I watched an Omnistor awning ( sunshade ) being installed at the Stratford show. I wasn't close enough to see exact detail but it appeared that the side of the 'van was drilled ( after measuring / marking ) and mounting brackets / plates were 'screwed on'. The awning was then mounted to the brackets and fixed. Total time about 20 minutes.

I then looked in my own Omnistor Installation Instructions booklet and noted that the mounting plates should be *bolted* through the side wall of the motorhome, with a spreader plate and securing nut on the inside.

Any comments, anyone?

Harvey


----------



## james9327 (Jun 22, 2009)

Hi
Put omnistor into you tube and a guy is putting one up from scratch.
thats how I learnt. He makes it look very easy but with you do get there.

Regards


----------



## spykal (May 9, 2005)

Hi Harvey

My experience of having a new Omnistor awning refitted to my old Autosleeper after the original one had been damaged was that the Autosleeper workshop had to refit the brackets with bolts that went right through the side of the van just as you describe. The original one, which I think was fitted by Autosleepers when the van was made, was screwed into the fitted timber strengthening within the body of the van... ie the timber was put there when the GRP monocoque shell was made up ready to accept an awning if required.

The explanation given to me by the Autosleeper workshop was that nowadays the build regulations from the  > NCC < insist that any equipment hung onto the body of the van, a bike rack or awning, must be bolted through.

I have heard of an awning falling off onto those sat below..... :roll: and when a check was made it was just held on with small screws and some construction sealant :roll:

Mike


----------



## Mrplodd (Mar 4, 2008)

I for one would be MOST unhappy if such a weighty item was only screwed onto the side of my MH !!

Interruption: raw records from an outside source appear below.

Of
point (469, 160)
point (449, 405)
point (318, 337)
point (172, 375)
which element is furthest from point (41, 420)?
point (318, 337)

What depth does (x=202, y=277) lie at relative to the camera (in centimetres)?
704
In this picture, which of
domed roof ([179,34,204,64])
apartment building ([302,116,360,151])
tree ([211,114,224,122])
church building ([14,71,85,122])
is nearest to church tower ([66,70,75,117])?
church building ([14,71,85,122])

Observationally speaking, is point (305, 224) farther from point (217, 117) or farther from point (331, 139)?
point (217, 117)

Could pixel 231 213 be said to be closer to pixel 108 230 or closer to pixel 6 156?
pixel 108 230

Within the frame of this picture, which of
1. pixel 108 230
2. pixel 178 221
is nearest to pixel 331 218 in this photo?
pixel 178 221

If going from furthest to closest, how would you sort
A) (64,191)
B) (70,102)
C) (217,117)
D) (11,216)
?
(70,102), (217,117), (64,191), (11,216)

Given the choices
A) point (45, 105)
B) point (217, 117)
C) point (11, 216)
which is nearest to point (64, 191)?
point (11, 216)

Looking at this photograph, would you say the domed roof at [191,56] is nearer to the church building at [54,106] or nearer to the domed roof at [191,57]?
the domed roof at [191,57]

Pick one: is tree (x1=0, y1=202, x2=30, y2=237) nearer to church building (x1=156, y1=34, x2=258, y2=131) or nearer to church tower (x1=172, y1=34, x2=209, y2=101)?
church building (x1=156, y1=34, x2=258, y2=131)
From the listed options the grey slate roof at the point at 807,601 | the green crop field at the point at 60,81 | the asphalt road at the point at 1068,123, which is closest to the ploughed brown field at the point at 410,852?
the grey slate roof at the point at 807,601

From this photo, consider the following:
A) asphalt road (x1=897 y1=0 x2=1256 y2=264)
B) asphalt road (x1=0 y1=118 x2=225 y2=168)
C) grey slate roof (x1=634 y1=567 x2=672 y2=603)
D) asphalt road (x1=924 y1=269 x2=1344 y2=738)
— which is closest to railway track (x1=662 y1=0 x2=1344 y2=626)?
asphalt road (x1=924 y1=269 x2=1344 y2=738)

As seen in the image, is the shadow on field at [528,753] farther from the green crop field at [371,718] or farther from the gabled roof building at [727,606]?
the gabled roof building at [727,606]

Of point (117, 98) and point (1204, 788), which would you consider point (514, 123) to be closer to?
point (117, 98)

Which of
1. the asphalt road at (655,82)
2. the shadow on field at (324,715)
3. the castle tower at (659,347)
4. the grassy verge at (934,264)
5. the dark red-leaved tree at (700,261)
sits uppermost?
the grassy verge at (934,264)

Screws can pull out of timber, bolts are most unlikely to break !!

I am now going to check my MH !!


----------



## hymerbeliever (May 8, 2009)

They must be bolted through, preferably using 2 bolts per bracket: sometimes it helps to fix the brackets in situ with self tappers prior to fitting. Fit the brackets and bolts in the centre and at least the parts behind where the 2 end rafters come in.

Full length brackets usually have self tappers between the end and central regions (which are bolted) just to keep the bracket flat. 

Dont forget to use Sikaflex NOT silicone as a sealant behind the brackets before tightening and clean residue with turps.


----------



## ingram (May 12, 2005)

Just to clarify folks: I am not intending to install an awning. My 'van already had one fitted from the Autocruise factory when I bought it. I was reading the installation instructions because I was surprised at how the awning seemed to be being fitted at the show and I wouldn't have been very impressed if it had been mine, especially after reading the instructions.

It may be that 'special screws' were being used, but I am certain that 'bolting through' did not take place. I raised the subject just out of interest, I wondered how other people's awnings had been fitted ( if they knew ), or how they had fitted them themselves, or if any had fallen off.  

Keep on discussing  

Harvey


----------